In a gesture of international cooperation on cultural heritage protection, Italy has returned to China 56 cultural relics that were illegally transported to the European country and later confiscated.
Of the relics, 19 artifacts were repatriated to China at the end of October, and the rest will arrive soon, according to the National Cultural Heritage Administration.
The return of the relics is among the highlights of Italian President Sergio Mattarella's six-day state visit to China, which started on Thursday.
On Friday, President Xi Jinping and his wife, Peng Liyuan, appreciated some of these cultural relics put on display during a welcoming banquet hosted at the Great Hall of the People in Beijing for Mattarella and his daughter, Laura.

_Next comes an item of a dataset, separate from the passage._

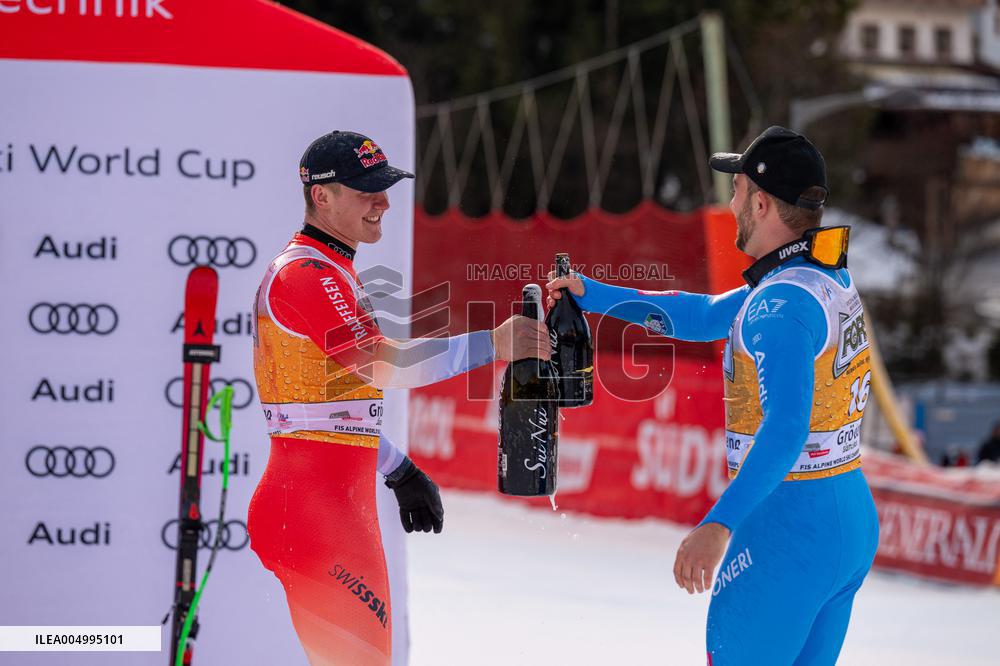 2026 Audi FIS Ski World Cup - Men's Downhill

The return of the relics marks yet another instance of successful cooperation between China and Italy within the framework of their bilateral agreement aimed at preventing the illegal import and export of cultural relics.

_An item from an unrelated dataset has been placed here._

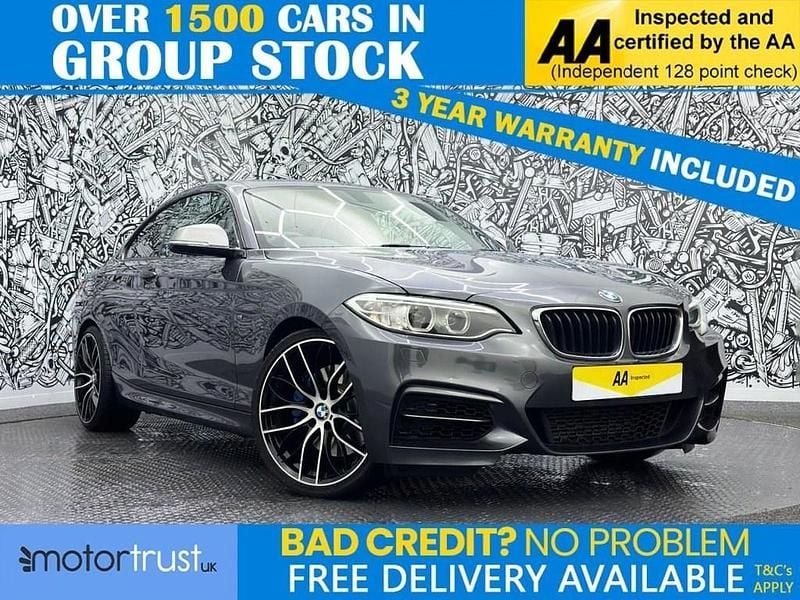 Used BMW M235 Comfort Edition 326 HP (239 kW) 2015 Grey Coupe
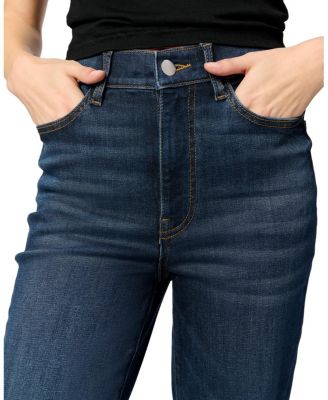 ASE Stretch High Rise Straight Jean in Vroom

It follows the previous repatriation of 796 Chinese cultural artifacts from Italy in March 2019. The two nations established an intergovernmental cooperation framework in 2006 to combat smuggling of cultural artifacts.
Between 2021 and this year, Italy's Carabinieri military police notified China about the seizure of 59 suspected Chinese cultural relics. The National Cultural Heritage Administration then provided detailed identification opinions and legal basis reports to the Italian authorities.
Most of the artifacts were found to have been unearthed in the provinces of Gansu, Qinghai and Shaanxi, and were estimated to have high historical, artistic and scientific value.
Chinese experts identified 56 of the relics, including pottery figurines from the Western Han (206 BC-AD 24) and Tang (618-907) dynasties and animal-shaped ceramics from the Yuan Dynasty (1271-1368), all vivid witnesses of the stable, rich, open and tolerant societies of their times.
Among the identified relics were also painted pottery of Majiayao culture, an ancient Chinese culture dating back more than 5,000 years, providing valuable material evidence for the study of the origins and early development of Chinese civilization.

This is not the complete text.